Of this gospel I have become a servant according to the gift of God’s grace that was given to me by the working of his power. Although I am the very least of all the saints, this grace was given to me to bring to the Gentiles the news of the boundless riches of Christ, and to make everyone see what is the plan of the mystery hidden for ages in God who created all things; so that through the church the wisdom of God in its rich variety might now be made known to the rulers and authorities in the heavenly places. – Ephesians 3:7-10


Like many children, I took piano lessons.  By the time I was in high school, both my teacher and my parents heaped a great deal of pressure on me when it came to recital performances.  It wasn’t enough that I play well.  My mother, in particular, would say over and over again, “I want it perfect-perfect-perfect.”  I sometimes think that if she hadn’t recited that mantra over and over and over, I might well have continued to study music, enjoyed practicing and performing.  Instead, both practicing and performing became chores for me.  My personal goal was to the best job possible, and to cover whatever mistakes I might make with a bit of showmanship and flair.  At least in my mother’s case, I knew she was not only tone deaf, but pretty much ignorant of music, so I thought I could make it through.  Dad, however, was a different story.  A classically trained violinist who studied at Carnegie Hall after high school, Dad knew music intimately.  Then, of course, there was the teacher, who sat off to the side, and whose facial expressions and body language were always in my peripheral.  Most of the time I did well enough; the last recital of the year, our teacher expected us to have the music memorized, so that we could concentrate on performance.  For me, this was an exercise in muscle memory combined with showmanship.

I only have one memory where things went wrong.  I think I was a Freshman in high school, and I was performing “Six Etudes” by Beethoven.  The thing is, they were just that, six simple studies in harmonic construction, fingering, and dynamics.  None of them were difficult.  Yet, I distinctly remember completely blowing it.  To the point that both my parents were red-faced with anger.  That was the point at which I resolved I would not only no longer care about “perfection” but vowed that the moment I could do so, I would run as far from performing music as I could.  This kind of pressure, I just didn’t need.

It’s a regret I continue to carry with me.  Not least because, had I been a tad older and wiser, I would have allowed my mother’s repeated admonition to float in one ear, out the other, and vow to do what I could, the best I knew how to do, and leave the rest up to the audience to figure out.  I have performed often enough in the years and decades since – high school bands, solo competitions, community bands, solo guitar and voice, playing guitar and drums and even saxophone with church praise bands – that the whole idea of “perfection”, at least when it comes to performance, just doesn’t exist for me.  My hope and prayer is always and only that I do the best I can, and let the rest be covered by the audience and congregation’s ears.

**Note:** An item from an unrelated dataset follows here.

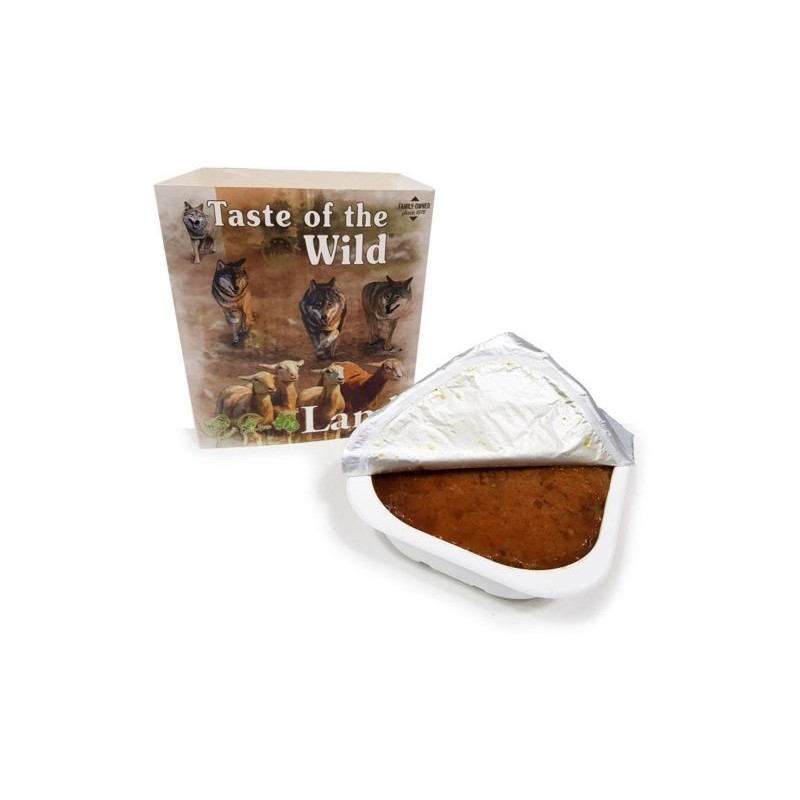 Taste of the Wild Tarrina con Cordero Pollo y Fruta para Perros 390GR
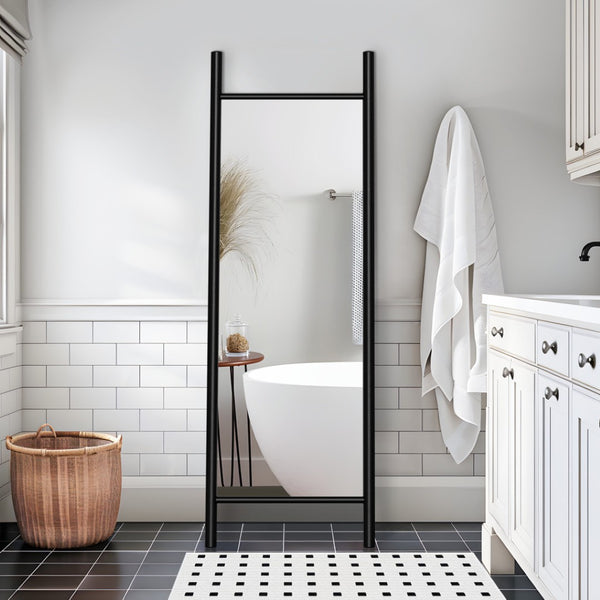 HomeRoots 71" Sleek Black Wood Leaning Ladder Mirror – Modern Full-Length Design for Stylish Interiors 708729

Unlike that time with my parents when I was in high school, however, all too often, I hear all sorts of compliments for my performances.  In all honesty, these compliments embarrass me, because I am all too aware of my deficiencies when it comes to performing and singing.  My gifts are few; that I do not practice regularly makes picking up a guitar to join an ensemble difficult.  I have to remind myself, sometimes, of even the most simple chords and changes.  I have to run through a number several times before I become comfortable playing and singing at the same time.  Even with the addition of monitors, giving me a chance to hear myself, that only reinforces when I’m flat (men tend to sing flat, while women tend to sing sharp; a high school church choir director taught me the trick of raising my eyebrows when singing, especially high notes, to keep from going flat) and part of me wants to stop because the dissonance is a bit too much for me to bear.

It isn’t just music, though.  Hearing throughout one’s life, whether from family or acquaintances (friends are always better for the ego; by laughing at all the nice things people say, they actually help keep you humble) or even strangers, how intelligent, insightful, talented, whatever, one is . . . part of me wants to tell these people they have no idea what they’re talking about.  Truth to tell, I’m none of these things.  Whether it’s a musical instrument, a book, a class in college or graduate school, whatever achievements I’ve had are the result of a combination of work and luck.  Nothing that I have done in my life couldn’t be done better by others, hasn’t been done better by others, and that people don’t or won’t recognize this bothers me.

On the other hand, I’m human.  After a few years, then decades of people lauding something or other that I’ve done, not least among those being my wife, it is nearly impossible to prevent one’s head to swell.  It’s almost unnoticeable at first.  Soon, however, when you need a cart by your side to carry your head as you walk, because your neck isn’t strong enough to hold it up, it becomes necessary to fail in some spectacular way, if for no other reason than to burst that bubble that was once my ego.  There have been times in my life – far too many that I care to admit – that I have taken inordinate pride in one or another accomplishment of mine.  As if playing an instrument or reading a book or putting words down on a computer screen were some special thing available to only some chosen few.  I have, thankfully, had those who burst my bubble, sometimes in the most marvelous, direct fashion imaginable.  Nothing says love and friendship like reminding another they are, in the end, a person who not only needs to be reminded to zip up your fly but maybe, just maybe, make sure your shoes are tied before you trip, fall, and really hurt yourself.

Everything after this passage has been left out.